Libya jails 38 over deaths in Mediterranean Sea smuggling case

Five get life in jail over a trafficking case involving 11 people who died trying to cross the Mediterranean to Europe.

Migrants from Eritrea, Libya and Sudan sail a wooden boat before being assisted by aid workers of the Spanish NGO Open Arms in the Mediterranean Sea
People from Eritrea, Libya and Sudan are packed on a wooden boat before being assisted by aid workers of the Spanish NGO Open Arms, in the Mediterranean Sea north of Libya, in June 2023 [File: Joan Mateu Parra/AP Photo]

A court in eastern Libya has sentenced five people to life in prison after they were convicted of human trafficking over the deaths of 11 migrants and refugees who were on a rickety boat trying to cross the Mediterranean to Europe, the office of Libya’s chief prosecutor said.

The court in the city of Bayda also sentenced nine other defendants to 15 years in prison each on Monday, the office of General Prosecutor al-Sediq al-Sourr said in a statement.

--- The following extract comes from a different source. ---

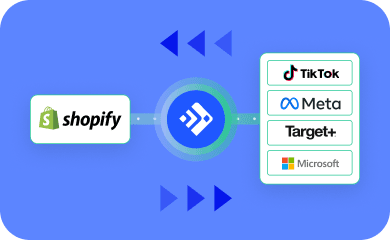 Data synchronization flow between Shopify and sales channels including TikTok, Meta, and Target Plus.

Another 24 suspects were jailed for a year, the statement added.

The defendants were part of a network smuggling people from Libya to Europe, it said. The statement did not say when they died or provide further details.

The court ruling was the latest in Libya to target traffickers.

On Friday, the chief prosecutor’s office said another court in the capital, Tripoli, sentenced one defendant to life in prison and two others to 20 years each for human trafficking.

In recent years, Libya has become a major transit point for people fleeing conflict and poverty in the Middle East and Africa to seek a better life in Europe.

Libya descended into chaos following a NATO-backed uprising in 2011 that toppled and killed long-time ruler Muammar Gaddafi. Human traffickers have benefitted from the instability in Libya since, engaging in the smuggling of people across borders from six nations, including Egypt, Algeria and Sudan.

Smugglers pack desperate people into ill-equipped rubber boats and other vessels for the risky voyage across the Central Mediterranean, primarily to reach Italian shores 290km (180 miles) to the north and across the world’s deadliest migratory sea route.

For years, the United Nations and rights groups have decried the inhumane conditions faced by those smuggled across the Mediterranean by trafficking gangs and the deplorable treatment inside state-run detention centres in Libya.

In a March report, a UN fact-finding mission on human rights in Libya found that some smuggled people were trapped there and had been subject to sexual slavery – a crime against humanity – among other abuses.